Can top-level domains contain a number at the end? Idk nothing about DNS rules etc but when I try to use PHP\'s filter_var() function with FILTER_VALIDATE_EMAIL for te

相关标签:
3条回答
  • 2021-01-03 21:10

    Does top-level domain can contain a number at the end?

    Yes technically, except if it is purely numerical, then it can not be a TLD, under current rules and for easy reasons to understand (to disambiguate with IP addresses). And it can not contain a number at the end, except if it is an IDN TLD, for reasons enforced by ICANN.

    Let us go back to some RFCs to have some clearer definitions of things:

    RFC 952: DOD INTERNET HOST TABLE SPECIFICATION (October 1985)

    This is the definition of an Internet "hostname" back then:

    A "name" (Net, Host, Gateway, or Domain name) is a text string up
    to 24 characters drawn from the alphabet (A-Z), digits (0-9), minus
    sign (-), and period (.). Note that periods are only allowed when
    they serve to delimit components of "domain style names". (See
    RFC-921, "Domain Name System Implementation Schedule", for
    background). No blank or space characters are permitted as part of a name. No distinction is made between upper and lower case. The first character must be an alpha character. The last character must not be a minus sign or period.

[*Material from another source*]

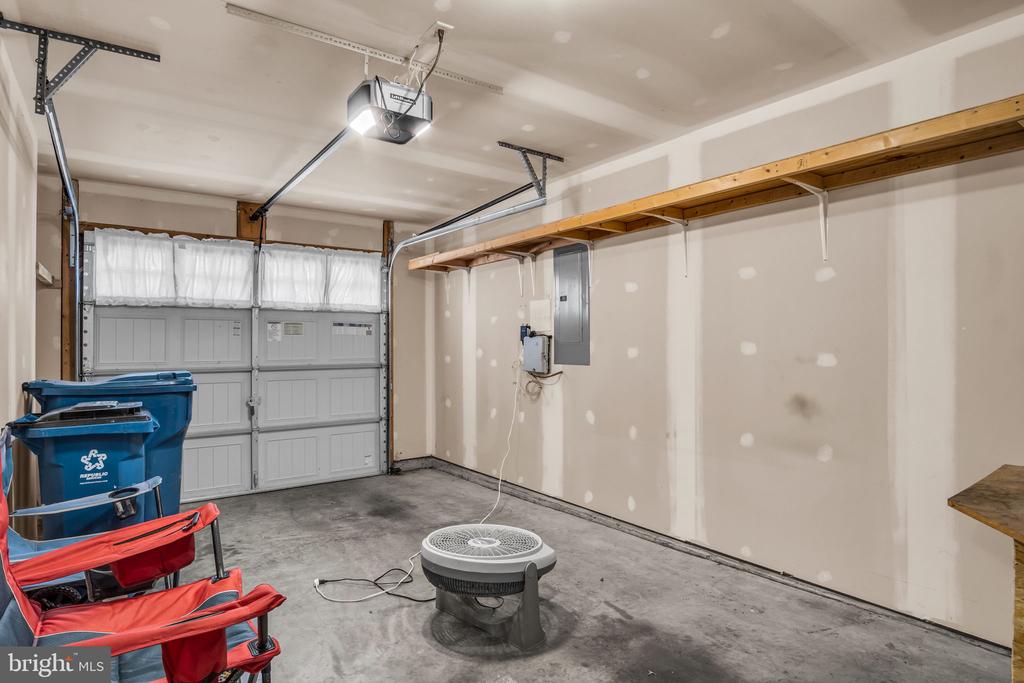 343 MELBOURNE LANE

    Note that this also has the following:

    Single character names or nicknames are not allowed.

    Hence at that point:

    • com1 is a valid TLD
    • 3com is not ("The first character must be an alpha character.")
    • 42 is not (same reason)
    • 1 is not (same reason)
    • a is not ("Single character names or nicknames are not allowed.")

    RFC 1034: DOMAIN NAMES - CONCEPTS AND FACILITIES (November 1987)

    This is one of the RFC that created the DNS as we know today. For compatibility reasons it defined hostnames as a sequence of labels, where a label is defined as such:

    They must start with a letter, end with a letter or digit, and have as interior characters only letters, digits, and hyphen. There are also some restrictions on the length. Labels must be 63 characters or less.

    The TLD is one label among others (the L in TLD). Per the above rule, com1 is a valid label, and hence a valid TLD, where 3com would not have been. Which directly brings us to the following amendment.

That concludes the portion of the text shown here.